(Stored data entries)
>>>

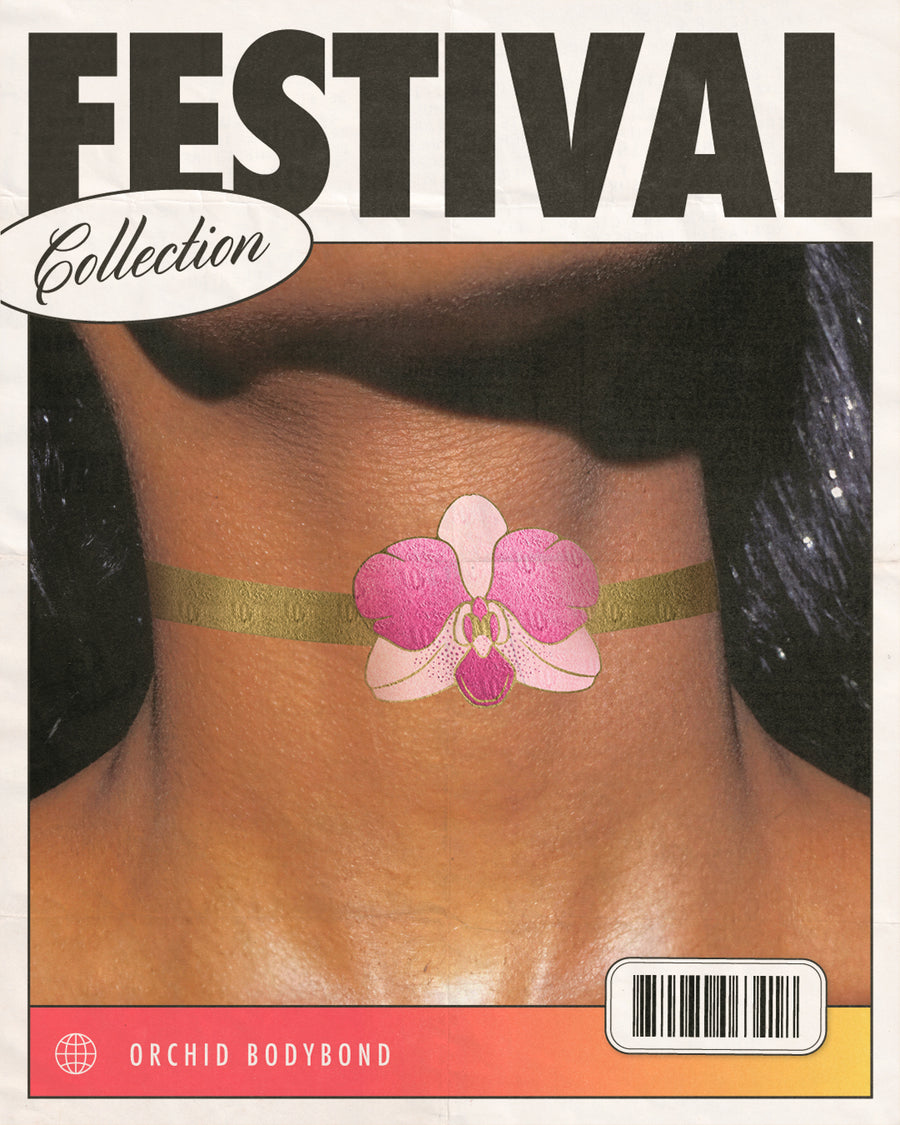 A Flower at the Throat, Pressed On in Seconds.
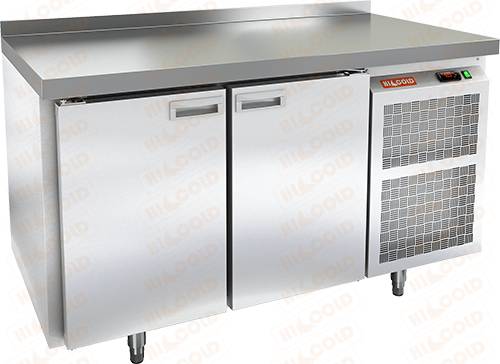 Стол морозильный Hicold  SN11/BT W 2 двери, корпус пластификат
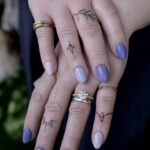 Jennifer Love Hewitt Instagram - butterflies for her kids and some finger adornments for the sweetest @jenniferlovehewitt 🦋☀️🌿 ________________________________________________________#losangeles #butterflytattoo #art #blackwork #fingertattoos #tattoo #inked #nyc #illustration #finelinetattoo #onlythedarkest #blackworkers #blackworkerssubmission #blackworktattoo #tattooing #tattoodo #inkstinctsubmission #tattrx #equillatera #taot #btattooing #blacktattoonow #tattooideas #linkforink #thinkbeforeuink #theartoftattoos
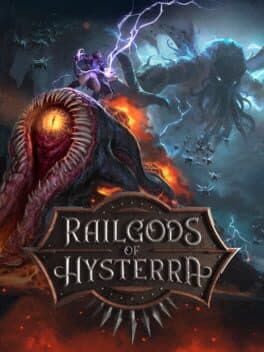 RailGods of Hysterra cover art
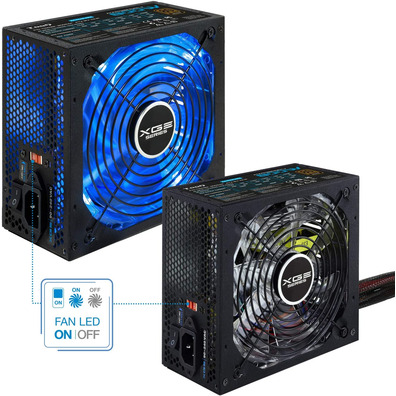 Fuente de alimentación TooQ Xtreme Gaming Energy II 800W ATX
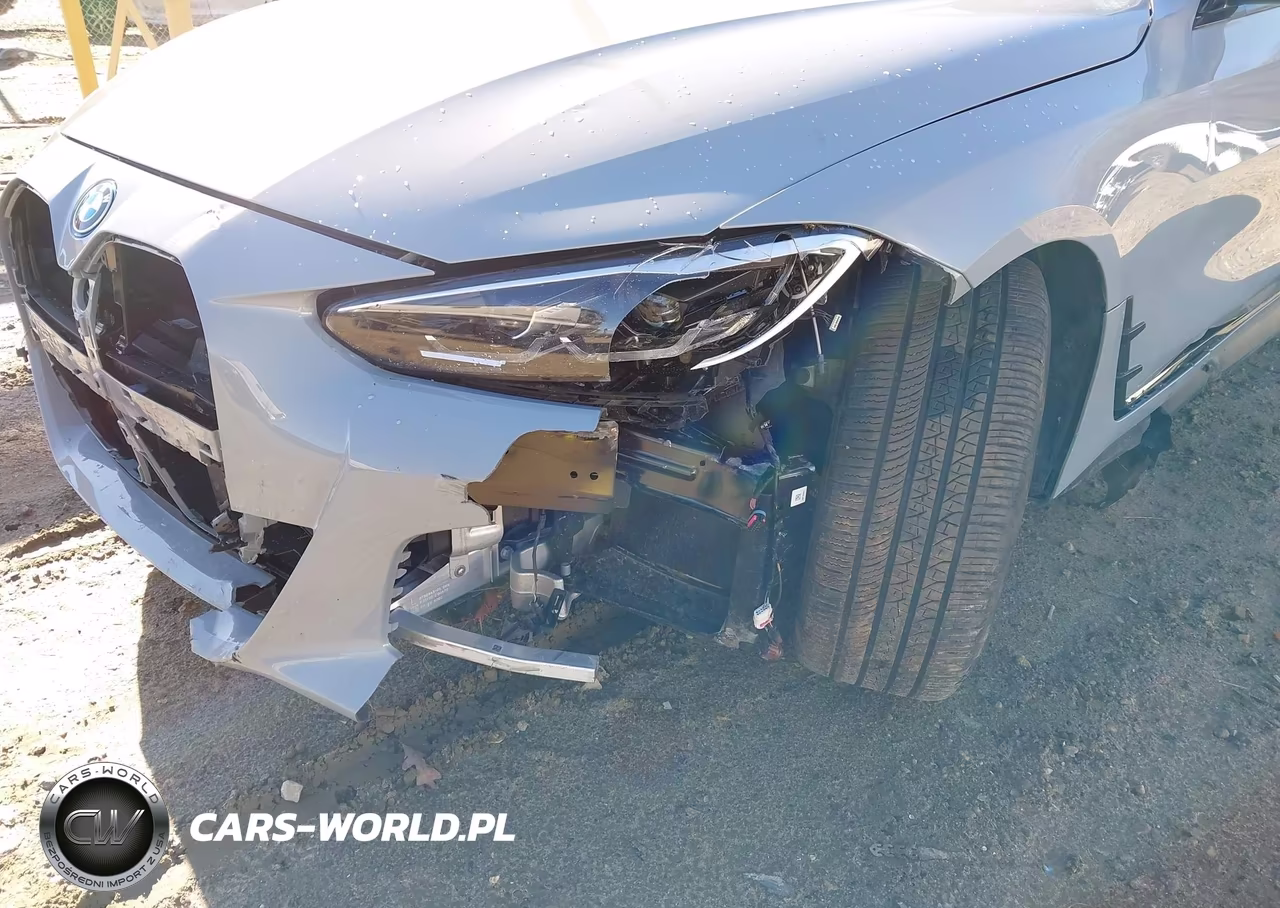 2023 BMW I4 M50 VIN:WBY33AW00PFP05498 - 6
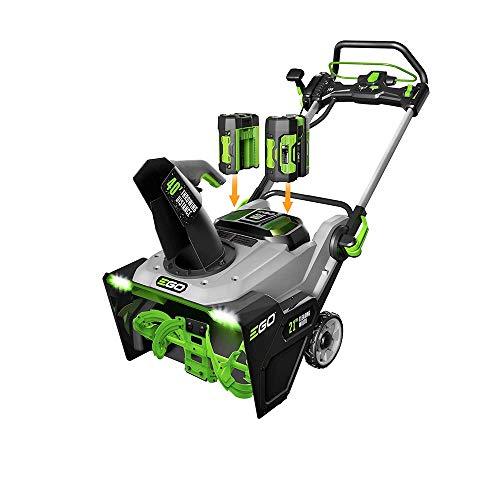EGO Power+ SNT2112 21-Inch 56-Volt Lithium-Ion Cordless Snow Blower with Steel Auger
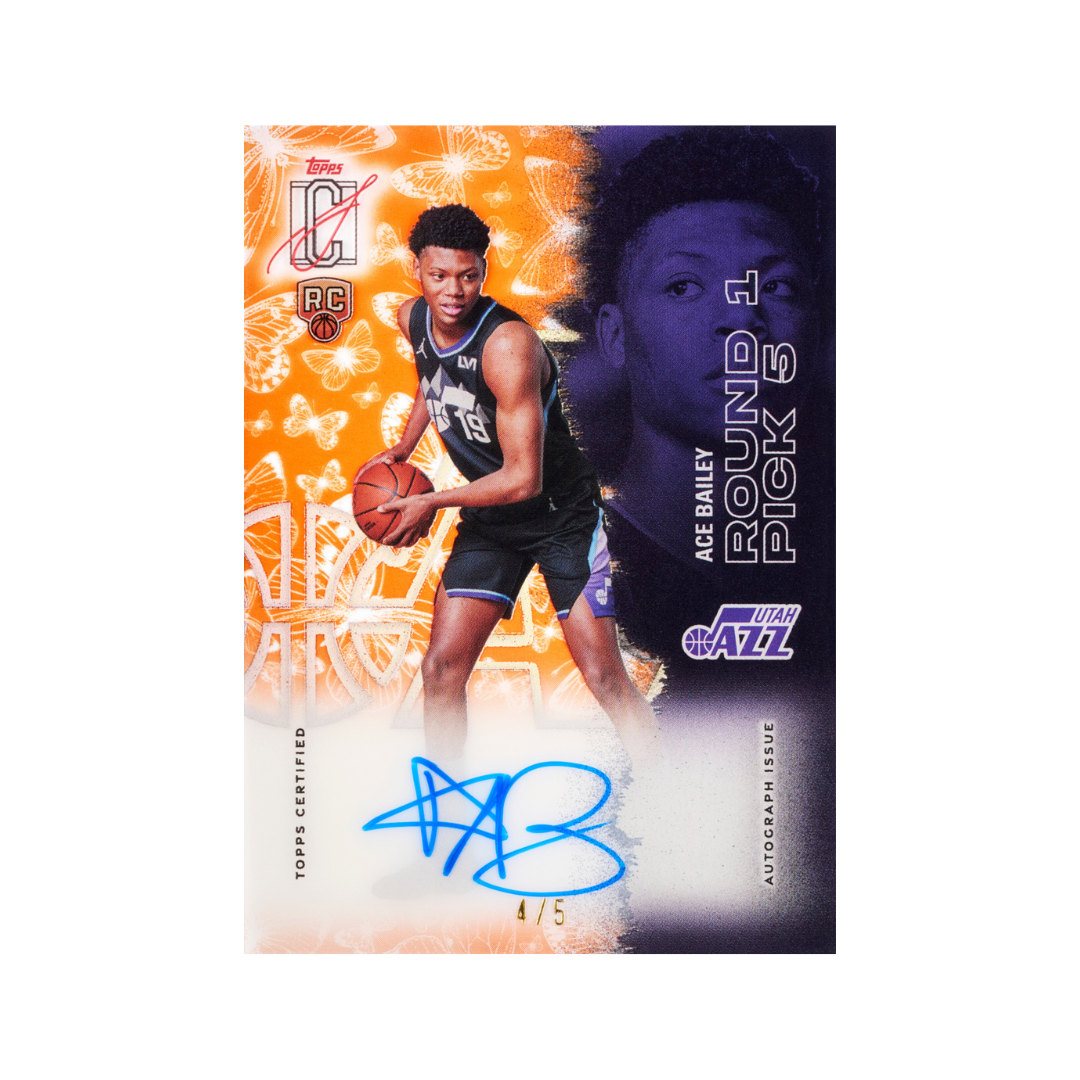 2025-26 Topps Signature Class Basketball Jumbo Trading Cards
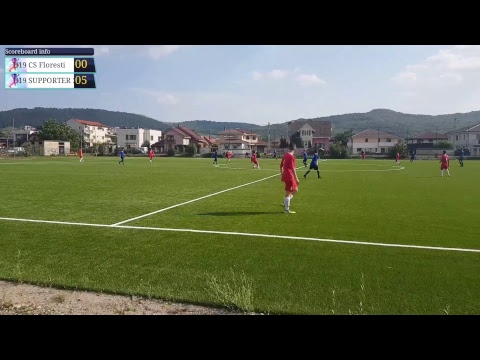 U19 CS FLORESTI - U19 SUPPORTER 2.0 repriza 2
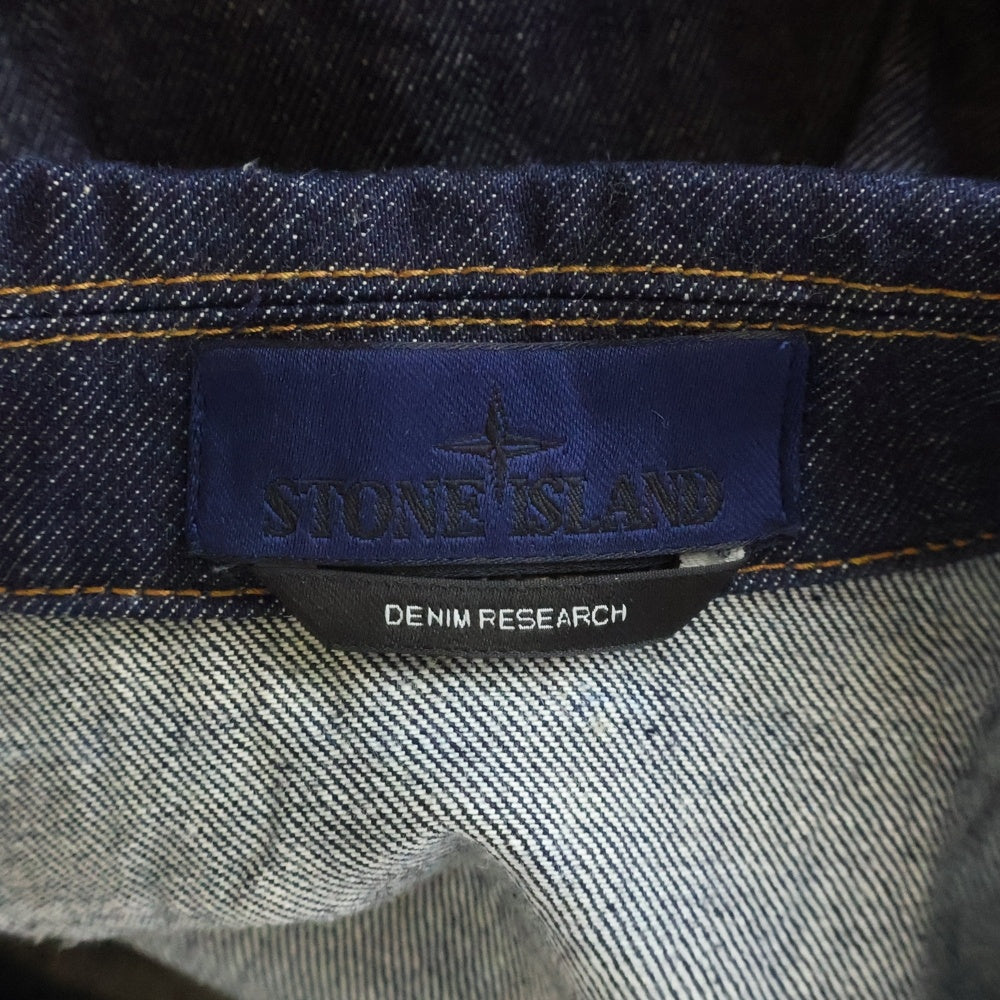 STONE ISLAND(ストーンアイランド) 25AW DENIM JACKET デニムジャケット インディゴ K2S15Q100027S00J8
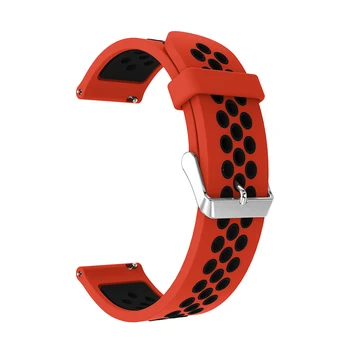 Pre Xiao MI Watch Color Globálne Popruh Rýchle Uvoľnenie 22 mm Silikónové Watchbands Náramok Náramok ремешок correa pre Amazfit GTR2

<<<

WHAT YOU HAVE TO DO: Each entry above should be reproduced exactly, with the pictures removed.

EXERCISE SOLUTION:
 A Flower at the Throat, Pressed On in Seconds.
 Стол морозильный Hicold  SN11/BT W 2 двери, корпус пластификат
 Jennifer Love Hewitt Instagram - butterflies for her kids and some finger adornments for the sweetest @jenniferlovehewitt 🦋☀️🌿 ________________________________________________________#losangeles #butterflytattoo #art #blackwork #fingertattoos #tattoo #inked #nyc #illustration #finelinetattoo #onlythedarkest #blackworkers #blackworkerssubmission #blackworktattoo #tattooing #tattoodo #inkstinctsubmission #tattrx #equillatera #taot #btattooing #blacktattoonow #tattooideas #linkforink #thinkbeforeuink #theartoftattoos
 RailGods of Hysterra cover art
 Fuente de alimentación TooQ Xtreme Gaming Energy II 800W ATX
 2023 BMW I4 M50 VIN:WBY33AW00PFP05498 - 6
EGO Power+ SNT2112 21-Inch 56-Volt Lithium-Ion Cordless Snow Blower with Steel Auger
 2025-26 Topps Signature Class Basketball Jumbo Trading Cards
 U19 CS FLORESTI - U19 SUPPORTER 2.0 repriza 2
 STONE ISLAND(ストーンアイランド) 25AW DENIM JACKET デニムジャケット インディゴ K2S15Q100027S00J8
 Pre Xiao MI Watch Color Globálne Popruh Rýchle Uvoľnenie 22 mm Silikónové Watchbands Náramok Náramok ремешок correa pre Amazfit GTR2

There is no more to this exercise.